Hint bits aren't related to OS writes. They're about information like
'this transaction committed' or 'all tuples on this page are visible'.

>  2: the buffer is actually passed to the OS (write, flush)
>  3: the OS is advised to send the written data to the io subsystem
>     (sync_file_range with SYNC_FILE_RANGE_WRITE)
>  4: the OS is required to send the written data to the disk
>     (fsync, sync_file_range with SYNC_FILE_RANGE_WAIT_AFTER)

We can't easily rely on sync_file_range(SYNC_FILE_RANGE_WAIT_AFTER) -
the guarantees it gives aren't well defined, and actually changed across

0002 is about something different, it's about the WAL writer. Which
writes WAL to disk, so individual backends don't have to. It does so in
the background every wal_writer_delay or whenever a tranasaction
asynchronously commits.  The reason this interacts with checkpoint
flushing is that, when we flush writes on a regular pace, the writes by
the checkpointer happen inbetween the very frequent writes/fdatasync()
by the WAL writer. That means the disk's caches are flushed every
fdatasync() - which causes considerable slowdowns.  On a decent SSD the
WAL writer, before this patch, often did 500-1000 fdatasync()s a second;
the regular sync_file_range calls slowed down things too much.

That's what caused the large regression when using checkpoint
sorting/flushing with synchronous_commit=off. With that fixed - often a
performance improvement on its own - I don't see that regression anymore.

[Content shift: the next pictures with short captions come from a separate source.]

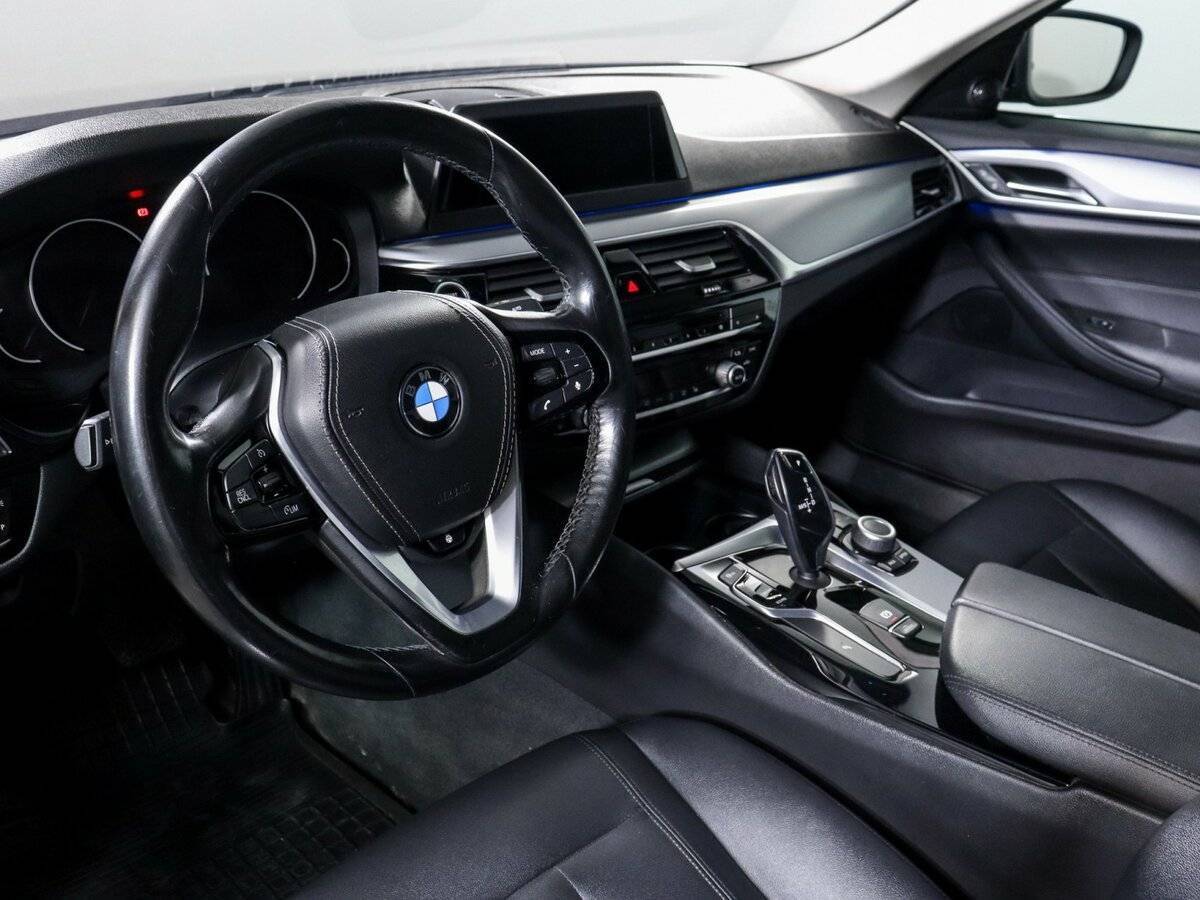 BMW 5 серии 2018 года с пробегом. Фото: #8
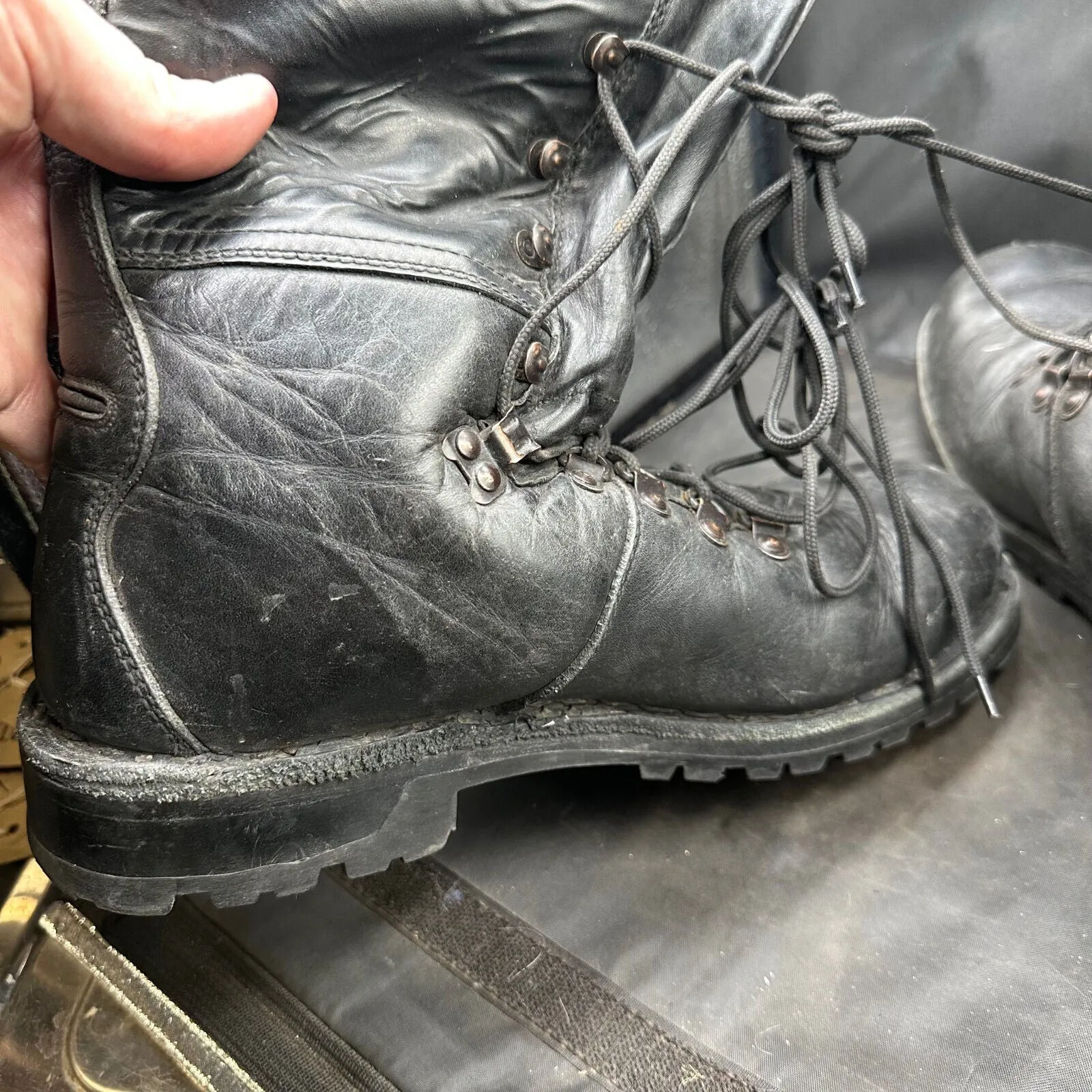 Austrian Army Black Leather Heavy Duty Combat Boots - Size EU 44 - UK 9.5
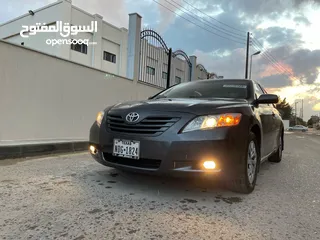  19 Toyota Camry 2008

> After more considerations, my final understanding is that this behavior only
> occurs with "asynchronous commit", aka a situation when COMMIT does not wait
> for data to be really fsynced, but the fsync is to occur within some delay
> so it will not be too far away, some kind of compromise for performance
> where commits can be lost.


> Now all this is somehow alien to me because the whole point of committing is
> having the data to disk, and I would not consider a database to be safe if
> commit does not imply fsync, but I understand that people may have to
> compromise for performance.

It's obviously not applicable for every scenario, but in a *lot* of
real-world scenario a sub-second loss window doesn't have any actual
negative implications.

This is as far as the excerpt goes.